Church of England to have women bishops14 Jul 2014 By Sam Setchell
The General Synod of the Church of England has today given its final approval for women to become bishops in the Church of England.
The vote in the General Synod on the measure was carried by the required two-thirds majority in the three constituent parts of the Synod: the House of Bishops, the House of Clergy and the House of Laity.
The voting results were as follows:
House of Bishops: Yes 37 No 2 Abstentions 1
House of Clergy: Yes 162 No 25 Abstentions 4
House of Laity: Yes 152 No 45 Abstentions 5
This means the first woman bishop could potentially be appointed by the end of the year.

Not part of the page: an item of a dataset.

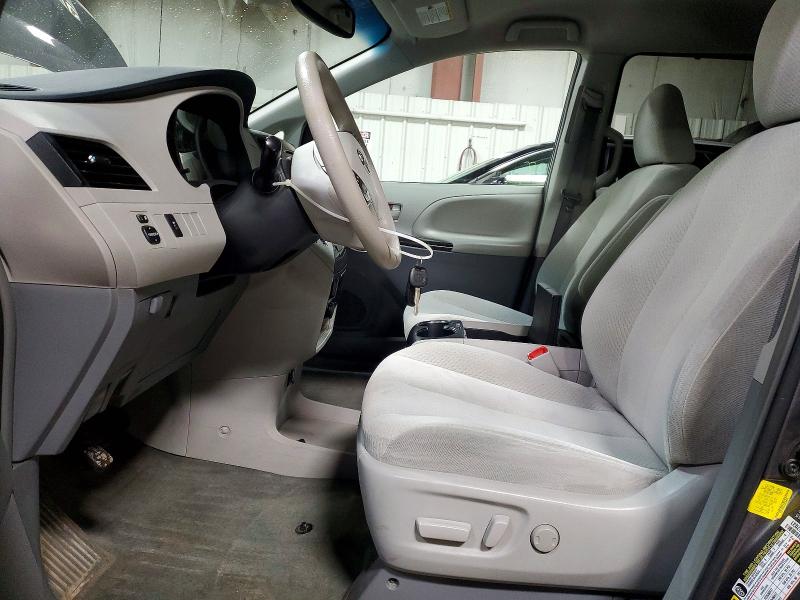 Photo 7 from auction – 2013 TOYOTA SIENNA LE with VIN 5TDKK3DC2DS284033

Today's vote comes 18 months after the proposal was last voted upon in November 2012 when the proposal failed to achieve the required two thirds majority in the House of Laity.
Bishop John said: "I am delighted by today's vote, which means that the first women bishops will be ordained very soon. The atmosphere of the debate was gracious and godly. After the disastrous vote of November 2012, it was a wonderful turnaround: it reminded me that God is able to turn anything around, just as He brought resurrection out of the crucifixion. What struck me most forcibly was the way in which pretty much everyone - even those who have conscientious objections to women becoming bishops - signalled their determination to stick together and go forward in trust."The Archbishop of Canterbury, Justin Welby, said:
"Today is the completion of what was begun over 20 years with the ordination of women as priests. I am delighted with today's result. Today marks the start of a great adventure of seeking mutual flourishing while still, in some cases disagreeing.

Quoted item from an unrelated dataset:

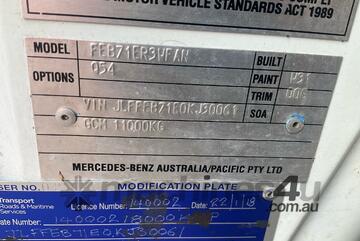 2017 Mitsubishi Fuso Canter 7/800 Crew Cab Service Body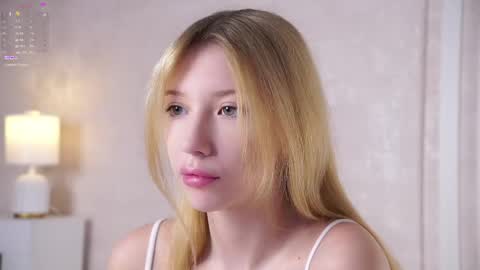 Snapshot of sunnmoonn chatting on 05-30-26, 02:47 Lily online show from 05-30-26, 02:47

The challenge for us will be for the church to model good disagreement and to continue to demonstrate love for those who disagree on theological grounds. Very few institutions achieve this, but if we manage this we will be living our more fully the call of Jesus Christ to love one another. As delighted as I am for the outcome of this vote I am also mindful of those within the Church for whom the result will be difficult and a cause of sorrow.
My aim, and I believe the aim of the whole church, should be to be able to offer a place of welcome and growth for all. Today is a time of blessing and gift from God and thus of generosity. It is not winner take all, but in love a time for the family to move on together."The legislation approved today includes a House of Bishops declaration, underpinned by five guiding principles and a disputes resolution procedure. Following the vote on the measure which enables women to become Bishops, the Synod voted on enabling legislation (Canon) and also rescinded existing legislation (Act of Synod) as part of a package of measures being proposed.
Following today's vote the measure moves to the Legislative Committee of General Synod and then to the Ecclesiastical Committee of the Houses of Parliament where the legislation will be considered. Subject to Parliamentary approval the measure will return to the General Synod in November of this year where it will come into force after its promulgation (legal formal announcement).
Today's vote follows a process which began at the 2013 July Synod which created a steering committee on women bishops, chaired by the Bishop of Rochester James Langstaff, with a mandate to draw up a package of new proposals. Bishop James opened the debate on behalf of the steering committee and responded to the debate urging synod members to vote for the proposals.